7 curious examples of Bulgarian heritage abroad you had no idea about

For many reasons, Bulgaria has long been a country of emigrants. You may have heard about prominent people of Bulgarian ancestry like the American John Atanasoff, one of the pioneers of computing, or Brazil’s first female president, Dilma Rousseff… but there are many more unknown cases of how Bulgaria and Bulgarians left their mark on other countries in a curious way.

Including one of Uruguay’s most beloved football clubs, a full-fledged research station in Antarctica and a huge monument to a Bulgarian communist leader in West Africa, kashkaval tourist presents 7 curious examples of Bulgarian heritage abroad you had no idea about.

1. We’re at every kilometre: Cotonou, Benin

Bizarrely and almost surreally, a monument of Bulgaria’s first communist leader, Georgi Dimitrov, stands in the middle of a busy roundabout in Cotonou, the largest city of the West African country of Benin.

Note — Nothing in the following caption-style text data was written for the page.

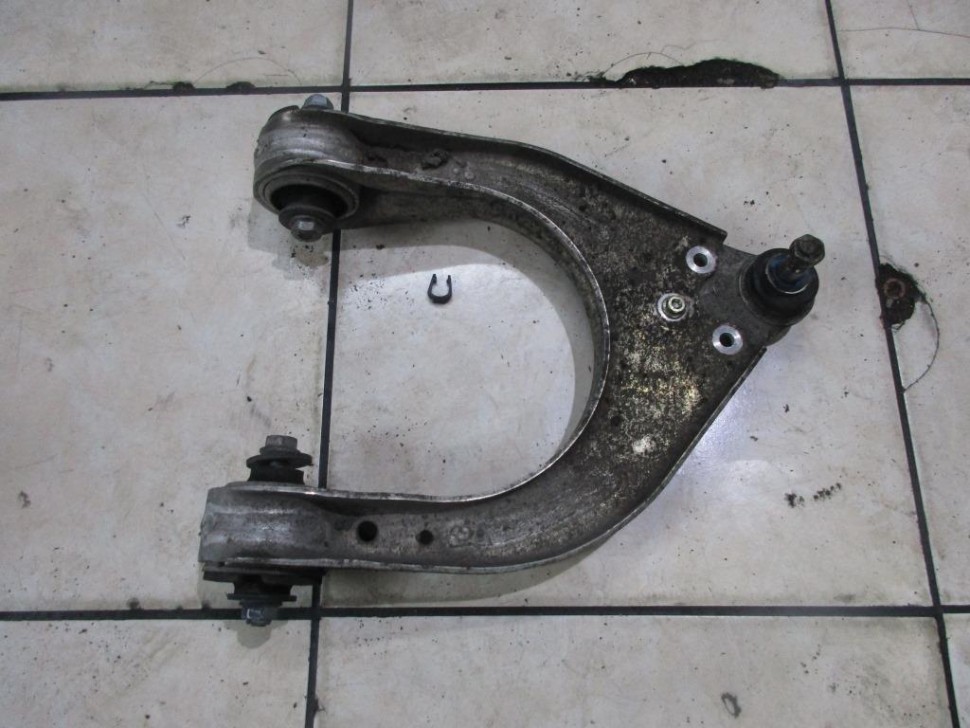 Рычаг передний верхний MERCEDES-BENZ CLS-класс C219 рестайлинг (2008 - 2010) фото 1 — Разборка Мерседес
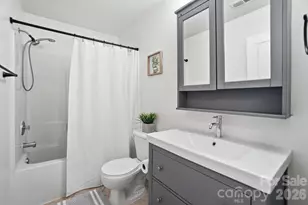 8422 Chaceview Ct, Charlotte, NC 28269 - Photo 36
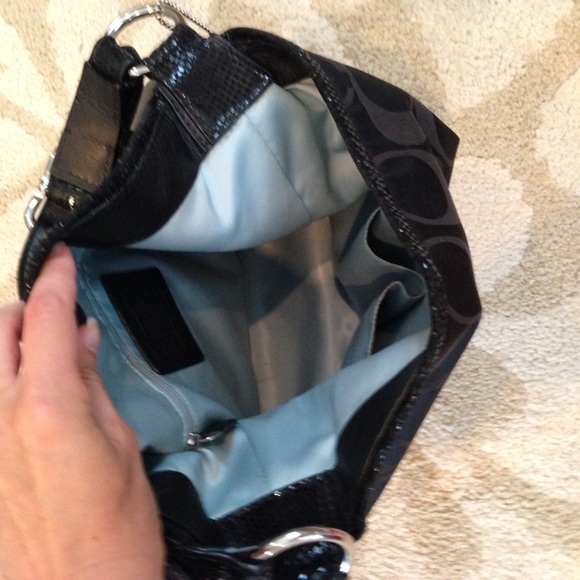Black coach purse - Picture 3 of 4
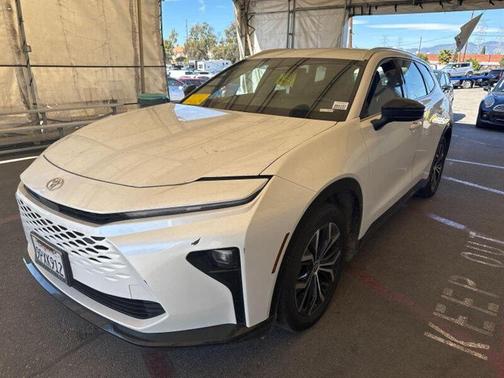 2025 Toyota Crown Signia XLE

The monument, brightly painted and significantly over-life-size, dominates the intersection which was appropriately named Place de Bulgarie, or Bulgaria Square.

How exactly this monument came to be can only be conjectured. But in the 1970s and 1980s Benin was trying hard to be a communist country, so this honour must have been bestowed to the late Dimitrov during that period.

2. The cast iron church and the dairy man: Istanbul, Turkey

The Iron Church in Istanbul is one of the most important examples of Bulgarian heritage abroad. Standing by the Golden Horn in the historic neighborhood of Fener, the church impresses with its Gothic and Baroque exteriors… and the metallic clang of its cast iron walls!

The Orthodox church, dedicated to Saint Stephen, was prefabricated in Vienna. All iron elements (weighting 500 tons in total) were shipped to Istanbul via the Danube and the Black Sea and assembled in the Ottoman capital in 1898. Today, it’s one of the few remaining iron churches in the world and a glorious remnant of the struggle for an independent Bulgarian church.

For a taste of more Bulgarian heritage in Istanbul, make sure you visit the legendary dairy shop of 88-year-old Bulgarian Kaymakçı Pando Shestakov. His kaymak cream is reputed to be the best in Istanbul and the shop was founded by his ancestors in 1895!